- **WHAT IS BEING ASKED**: Repeat exactly the lines of the material below that run from the "En 2016, 41.6%" line to the "Draper Soft Grip" line, including both, and do not carry over any pictures.

- **DATA FOR THIS TASK**:

********

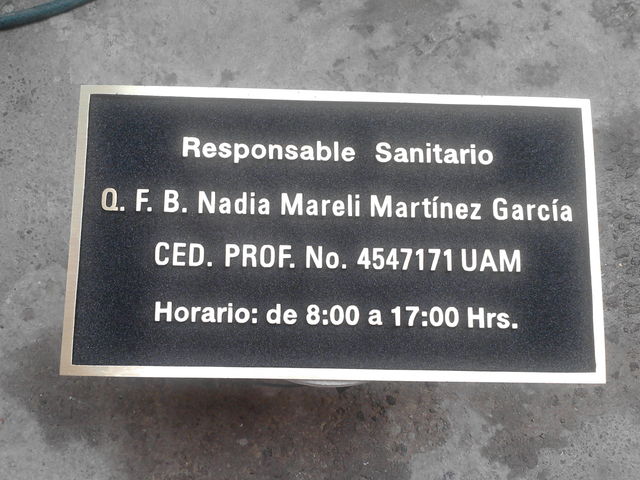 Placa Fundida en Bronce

********

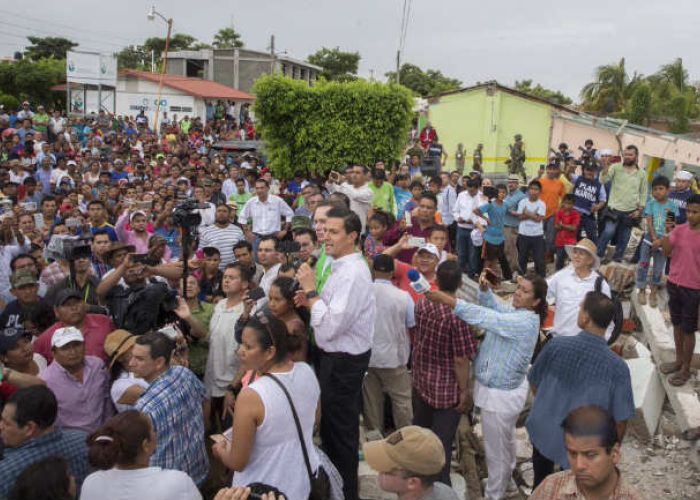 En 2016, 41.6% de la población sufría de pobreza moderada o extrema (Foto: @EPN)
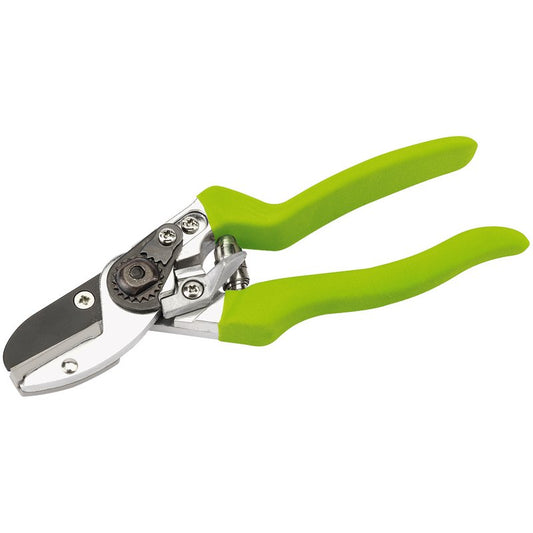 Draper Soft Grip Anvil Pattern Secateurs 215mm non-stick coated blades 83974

********

- **EXERCISE OUTPUT**:
 En 2016, 41.6% de la población sufría de pobreza moderada o extrema (Foto: @EPN)
 Draper Soft Grip Anvil Pattern Secateurs 215mm non-stick coated blades 83974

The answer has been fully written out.